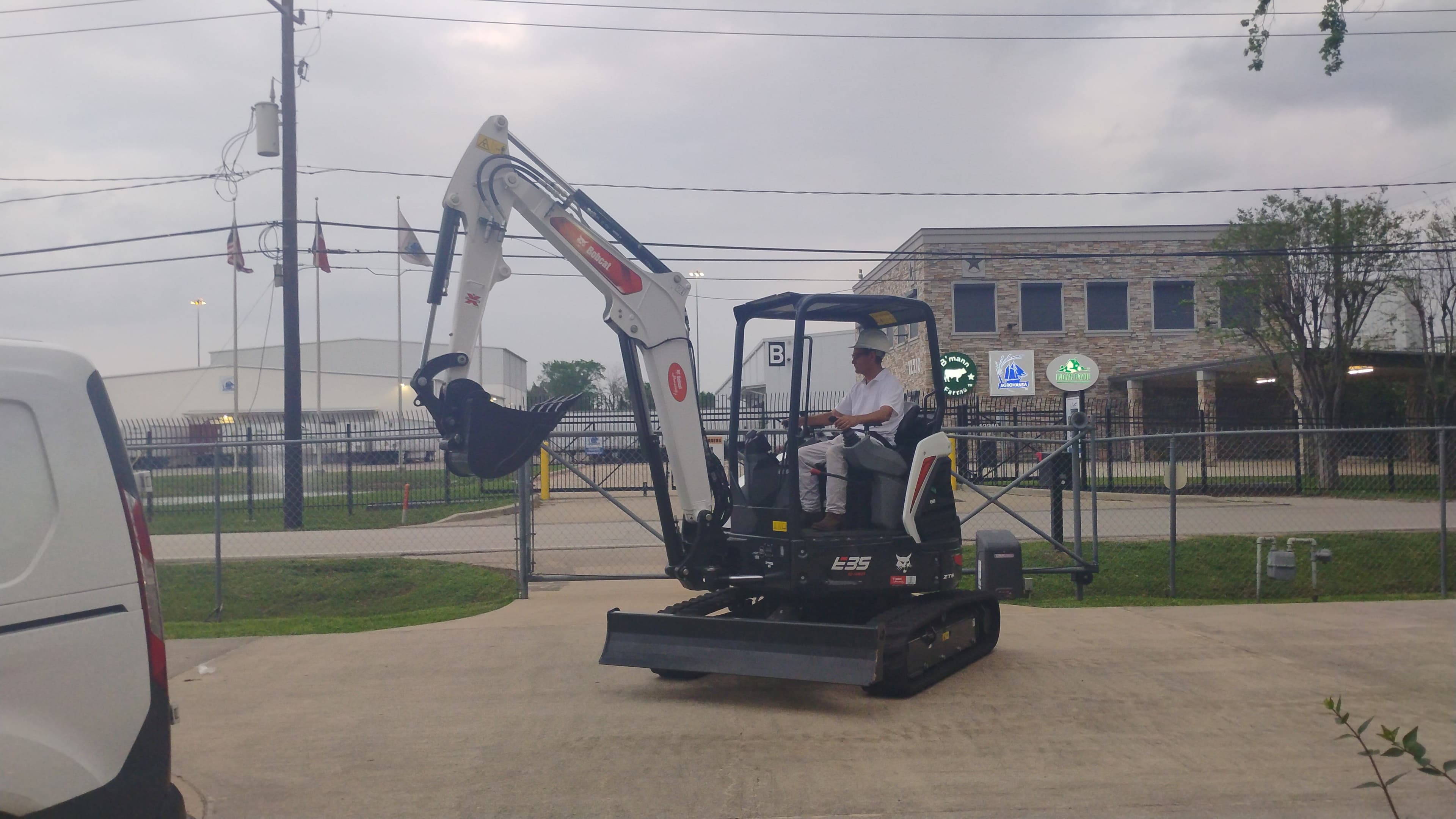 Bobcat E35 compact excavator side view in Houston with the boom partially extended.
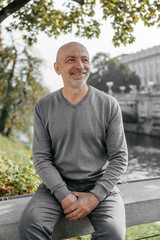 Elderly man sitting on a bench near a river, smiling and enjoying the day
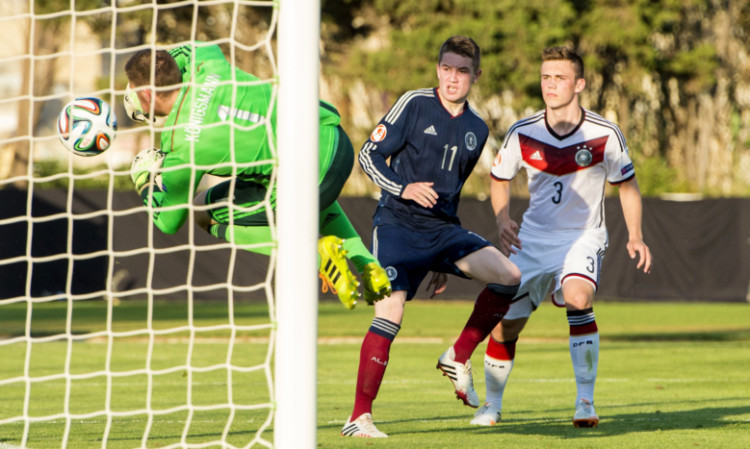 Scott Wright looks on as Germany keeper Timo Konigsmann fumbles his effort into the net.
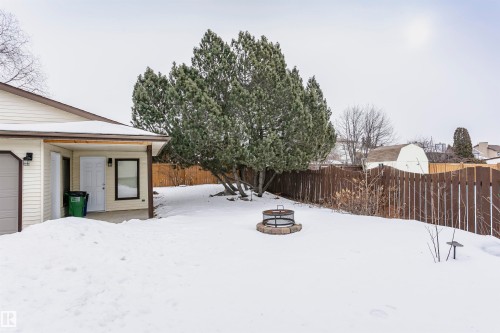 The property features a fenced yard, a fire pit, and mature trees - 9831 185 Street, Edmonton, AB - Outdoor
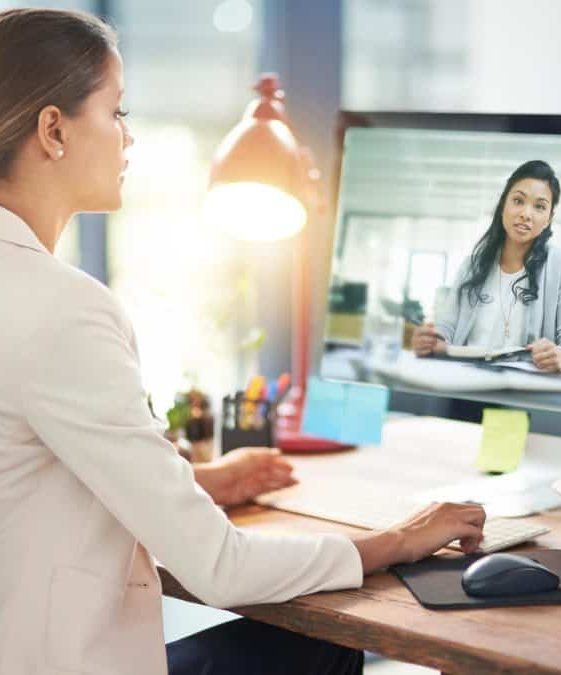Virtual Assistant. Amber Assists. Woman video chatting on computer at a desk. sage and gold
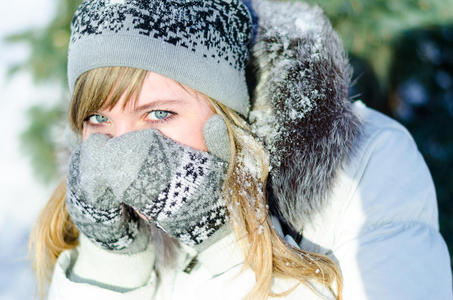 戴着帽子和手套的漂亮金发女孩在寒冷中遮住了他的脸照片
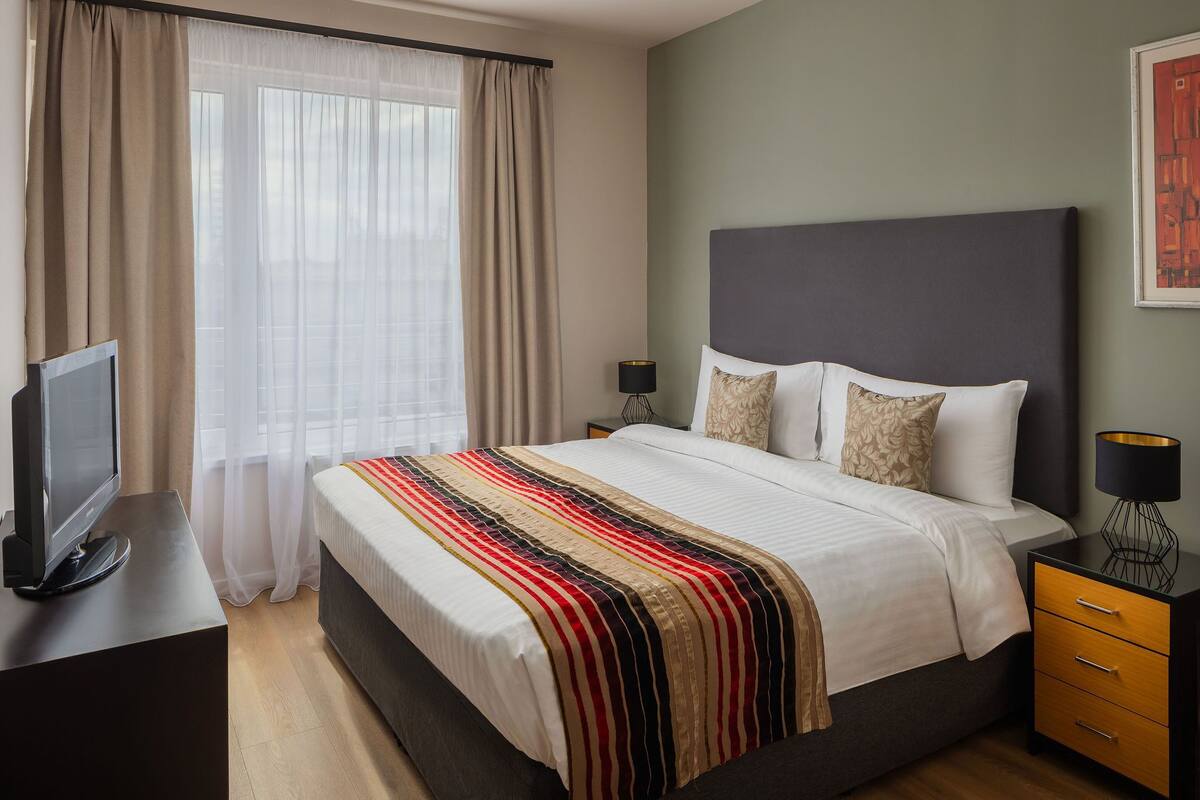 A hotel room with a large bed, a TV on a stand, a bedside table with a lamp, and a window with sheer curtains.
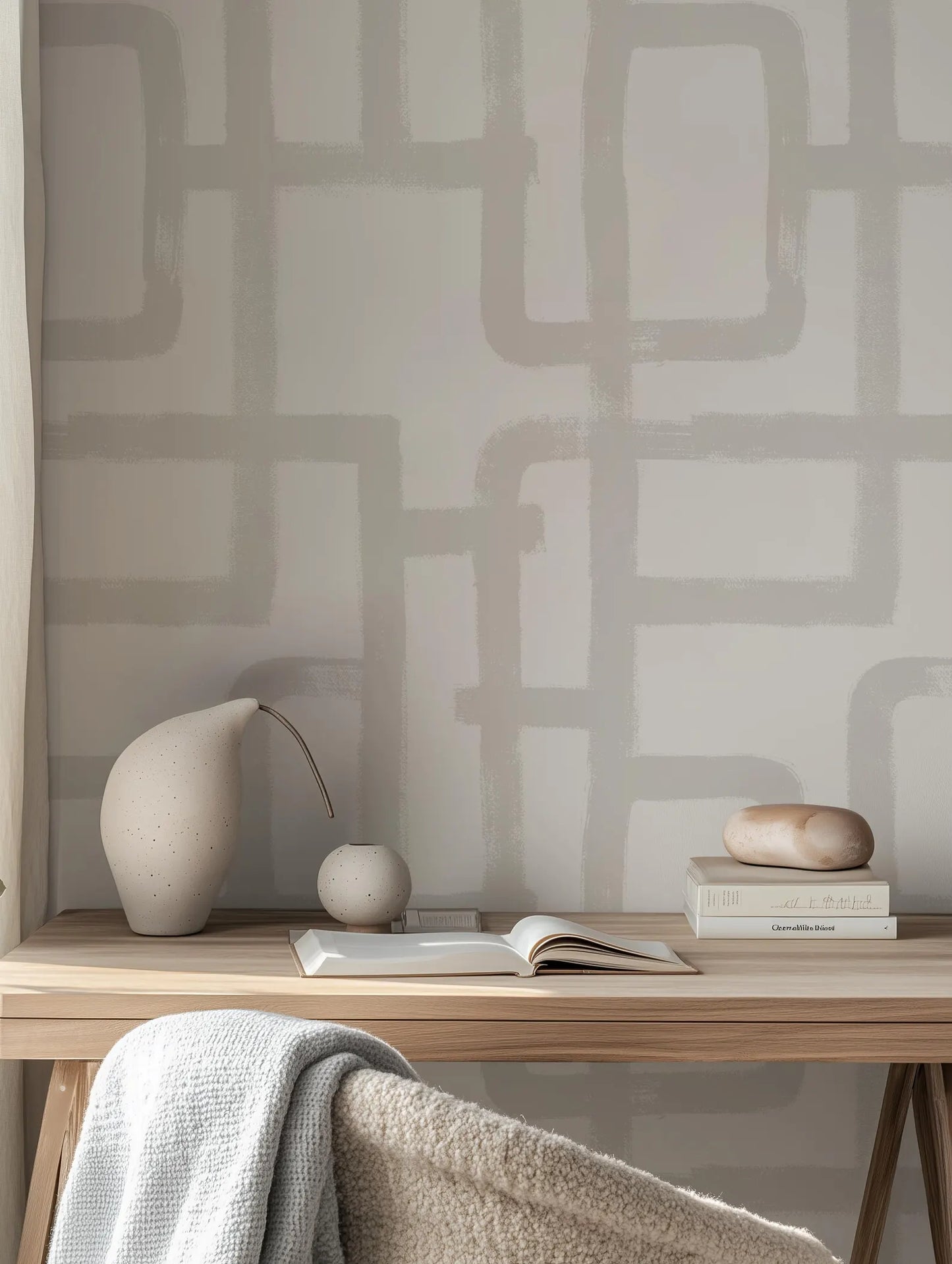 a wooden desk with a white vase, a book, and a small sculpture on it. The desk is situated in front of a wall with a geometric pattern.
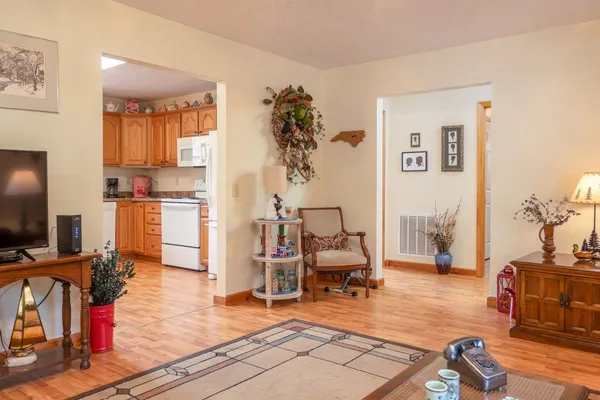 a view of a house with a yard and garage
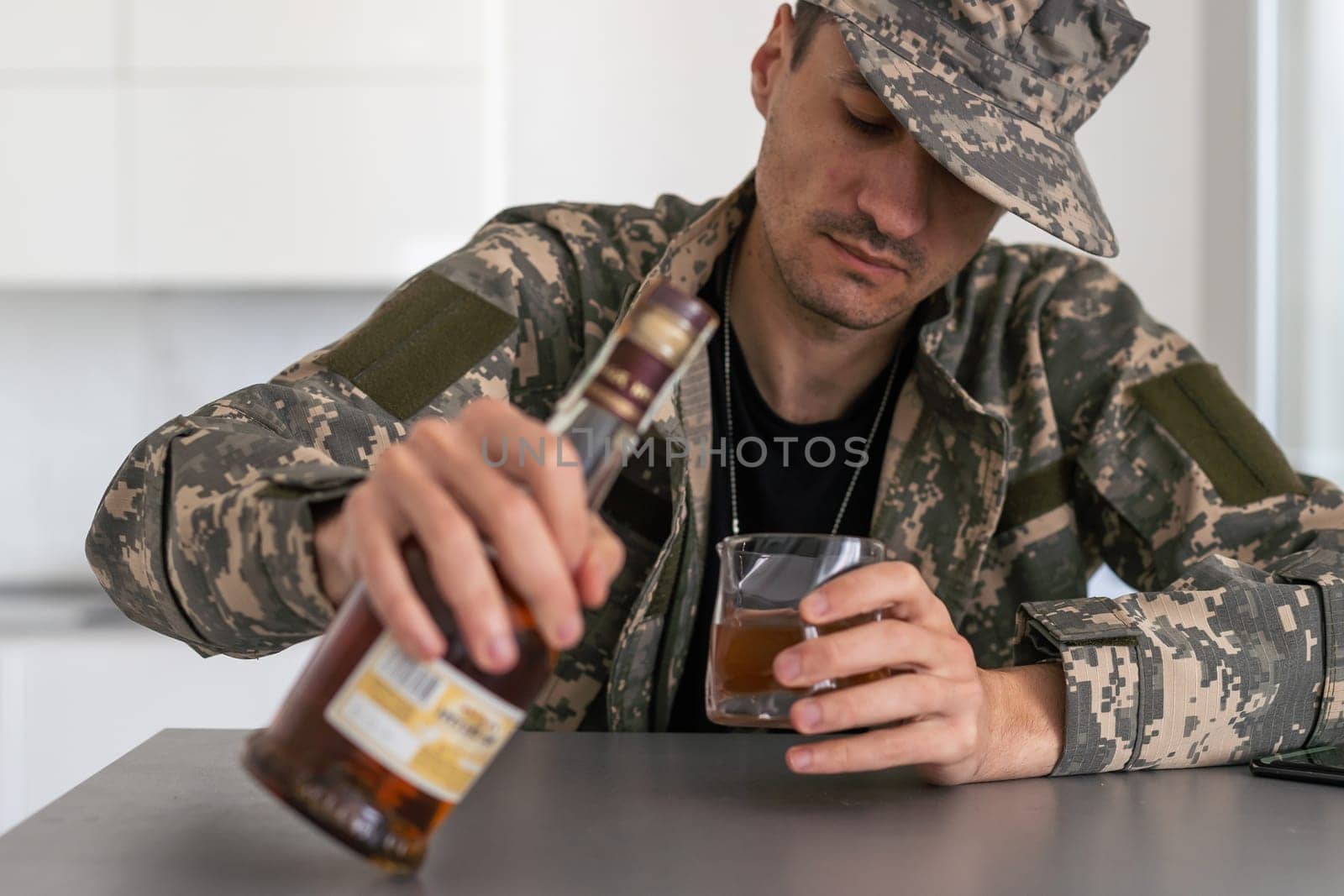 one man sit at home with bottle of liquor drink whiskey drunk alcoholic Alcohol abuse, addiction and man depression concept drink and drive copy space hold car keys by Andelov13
++++++++++++++++++++
Exercise aim
Please repeat, with no pictures, each line from the start of the records above through the line with "Scott Wright looks", inclusive, and only those.

Result below
 Bobcat E35 compact excavator side view in Houston with the boom partially extended.
 Elderly man sitting on a bench near a river, smiling and enjoying the day
 Scott Wright looks on as Germany keeper Timo Konigsmann fumbles his effort into the net.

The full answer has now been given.